Acetic Acid Concentration	Exact [H+]	Exact pH	Percent Ionization
1.00 M	4.23 × 10^-3 M	2.37	0.42%
0.35 M	2.50 × 10^-3 M	2.60	0.71%
0.10 M	1.33 × 10^-3 M	2.88	1.33%
0.010 M	4.15 × 10^-4 M	3.38	4.15%
0.0010 M	1.25 × 10^-4 M	3.90	12.55%

These values illustrate an important principle in acid-base chemistry: dilution raises pH, but it also increases the fraction of molecules that ionize. That is why very dilute weak acids cannot always be analyzed accurately using the simplest approximations.

What Is pKa and Why Does It Matter?

The pKa of acetic acid is the negative logarithm of Ka:

pKa = -log10(1.8 × 10^-5) ≈ 4.74

The lower the pKa, the stronger the acid.
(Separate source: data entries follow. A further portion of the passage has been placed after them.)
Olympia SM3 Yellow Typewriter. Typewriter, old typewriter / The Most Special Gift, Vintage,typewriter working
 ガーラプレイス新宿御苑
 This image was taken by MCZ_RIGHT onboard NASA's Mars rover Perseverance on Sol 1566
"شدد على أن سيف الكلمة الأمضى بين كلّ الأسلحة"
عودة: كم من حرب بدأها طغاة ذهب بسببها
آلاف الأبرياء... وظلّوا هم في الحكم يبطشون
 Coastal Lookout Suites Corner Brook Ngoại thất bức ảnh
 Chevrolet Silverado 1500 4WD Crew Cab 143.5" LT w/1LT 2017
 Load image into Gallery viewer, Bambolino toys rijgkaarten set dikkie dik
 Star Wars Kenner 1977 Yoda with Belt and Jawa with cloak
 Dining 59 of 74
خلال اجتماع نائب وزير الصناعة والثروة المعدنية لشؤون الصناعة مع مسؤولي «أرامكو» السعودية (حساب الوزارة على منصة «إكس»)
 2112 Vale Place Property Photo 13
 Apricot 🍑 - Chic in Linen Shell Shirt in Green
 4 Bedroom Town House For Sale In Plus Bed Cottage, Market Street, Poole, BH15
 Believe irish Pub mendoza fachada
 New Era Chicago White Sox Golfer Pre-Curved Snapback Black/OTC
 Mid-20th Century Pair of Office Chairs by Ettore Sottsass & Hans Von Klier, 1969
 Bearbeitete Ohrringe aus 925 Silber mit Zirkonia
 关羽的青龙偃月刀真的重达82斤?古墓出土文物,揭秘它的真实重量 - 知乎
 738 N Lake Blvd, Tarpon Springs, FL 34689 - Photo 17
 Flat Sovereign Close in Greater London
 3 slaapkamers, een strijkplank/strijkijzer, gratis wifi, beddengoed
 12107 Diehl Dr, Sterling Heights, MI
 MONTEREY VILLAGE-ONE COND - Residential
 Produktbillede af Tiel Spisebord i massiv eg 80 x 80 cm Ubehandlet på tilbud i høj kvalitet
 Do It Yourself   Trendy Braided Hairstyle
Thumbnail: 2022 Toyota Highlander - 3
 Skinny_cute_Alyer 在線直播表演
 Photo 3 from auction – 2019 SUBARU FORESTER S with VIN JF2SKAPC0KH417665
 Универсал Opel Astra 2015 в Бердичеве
Acetic acid’s pKa of about 4.74 tells you it is weak compared with mineral acids, yet still acidic enough to lower the pH of water substantially. The pKa also becomes especially useful when dealing with buffer systems, such as mixtures of acetic acid and sodium acetate, where the Henderson-Hasselbalch equation applies.

Common Errors When Solving This Problem

• Treating acetic acid as a strong acid. This causes a major underestimation of pH.
• Using the wrong Ka value. Different sources may round Ka slightly differently, which can shift the third decimal place of pH.
• Forgetting units. Ka is dimensionless in a strict thermodynamic sense, but concentration values are entered in molarity for practical calculations.
• Using the negative quadratic root. Concentration cannot be negative, so only the positive root is physically meaningful.
• Ignoring temperature. Acid dissociation constants depend on temperature, so exact values may vary outside standard room conditions.

Practical Interpretation of pH 2.60

A pH of 2.60 indicates a clearly acidic solution. It is much more acidic than common beverages like black coffee, but less acidic than many strong-acid laboratory solutions of equal molarity. In practical terms, a 0.35 M acetic acid solution contains enough hydrogen ions to be chemically reactive and corrosive to some materials, while still retaining the equilibrium behavior characteristic of a weak acid.

This distinction matters in laboratory design, titration work, and teaching chemistry. Weak acids produce pH values that depend strongly on equilibrium chemistry, while strong acids are governed more directly by stoichiometric dissociation.

Authoritative References for Further Study

If you want to verify data or explore pH and acid dissociation in more depth, consult these reliable sources:

• NIST Chemistry WebBook entry for acetic acid
• U.S. Environmental Protection Agency overview of pH
• University of Washington Chemistry resources

Final Answer

Using Ka = 1.8 × 10^-5 for acetic acid and an initial concentration of 0.35 M, the equilibrium hydrogen ion concentration is approximately 2.50 × 10^-3 M, which gives:

pH = 2.60

That is the correct and chemically meaningful answer for the pH of 0.35 M acetic acid under standard conditions.